Raw feeding is not going to cause an animal to want to chase livestock. German Shepherds are a herding breed. What is the desire to herd but directed and controlled prey drive - the desire to chase and corner prey. There are some dogs that can never be trusted around livestock unattended but the majority can be trained to not chase livestock when they are supervised. Chasing chickens especially is an awesomely fun game. Most dogs that kill chickens don't even do it on purpose. They simply get caught up in the fun of the game and OOPS smashed that one. Oh look! Another one, game on! That is what makes them so devastating to chickens - they don't stop until the fun is over.

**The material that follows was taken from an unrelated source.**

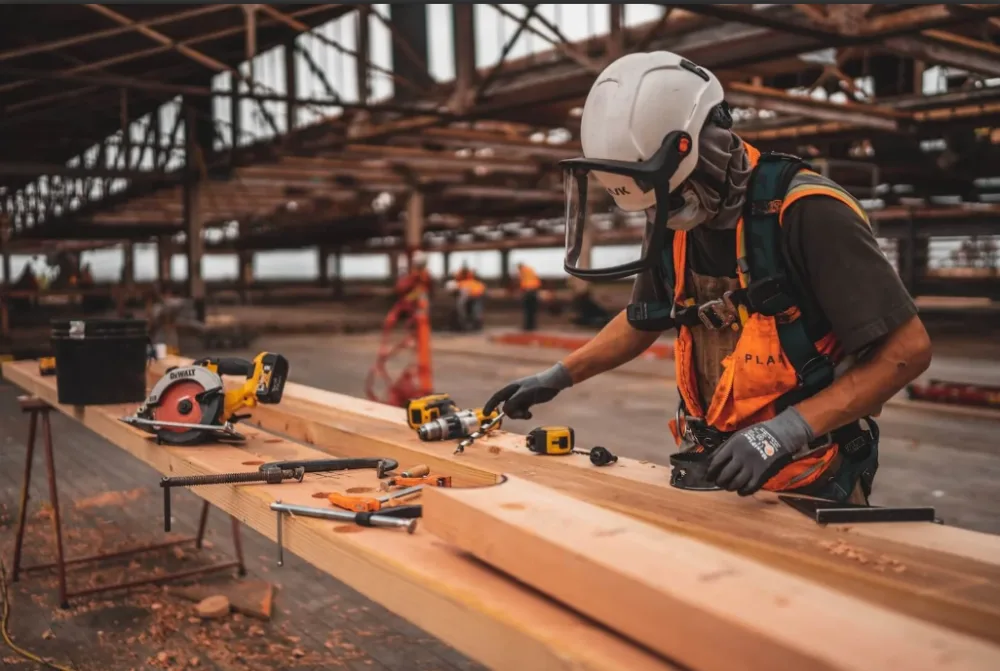 Retail and business center building construction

First, the main problem is that you are giving her the opportunity to chase livestock. It's a self-rewarding behavior - it's fun and that in itself is a reward. She didn't know that she did something wrong the second time that she was caught in the sheep enclosure - she knew that you were upset. A very big difference. Putting her in the kennel to chill doesn't do anything as far as teaching her not to chase livestock. At best, you might teach her to not get caught!

Step one is that she does not have unsupervised access to any livestock. Not even for a moment. If that means that you need to fence off a section of the yard just for her, so be it. 
Step two is beginning the training. She is redirected and corrected if necessary for showing any interest in the livestock. You already know that she's capable of killing so I would teach her to ignore them. Start at a distance where she knows they are there, shows a bit of interest and work on the "Leave it" command as well as "watch me" and other obedience exercises that keep her focused on you. If she has trouble keeping her mind off the livestock, you are too close - move farther away and start again. 
Over time, you will gradually move closer. Then, once she is reliable on leash and a long line, you can try her off leash. Again, starting at a bit of a distance. 

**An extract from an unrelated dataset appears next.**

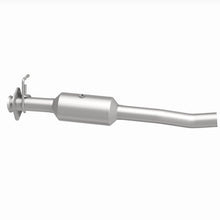 Load image into Gallery viewer, MagnaFlow 16-19 Ford F-650 V10 6.8L Underbody Direct Fit Catalytic Converter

Above all, do not let her have any opportunity to fixate on the animals you don't want her to chase. Even more, make absolutely certain that she never has an opportunity to leave your property off-leash. Harassing/killing livestock is a justified shooting in almost every jurisdiction. Even the few places that consider it a grey area, most farmers practice the 3 S - shoot, shovel, shut up.


----------



## Thecowboysgirl (Nov 30, 2006)

I *doubt* raw diet had anything to do with it, just my opinion. when we butchered our meat birds, we fed parts to the dogs as we were doing the work, toss em a raw neck right there while we were cleaning and storing the meat. The dog can eat anything I give him to eat. What's off limits is going and killing it himself.


----------



## Dainerra (Nov 14, 2003)

yes, the idea that feeding raw causes a dog to kill is an old wives tale. Now, the fact that this dog has been allowed to eat (through lack of supervision) things that he has killed is a different and separate issue. He knows that not only is there a fun game in the chase and the kill but that there is a tasty reward at the end.


----------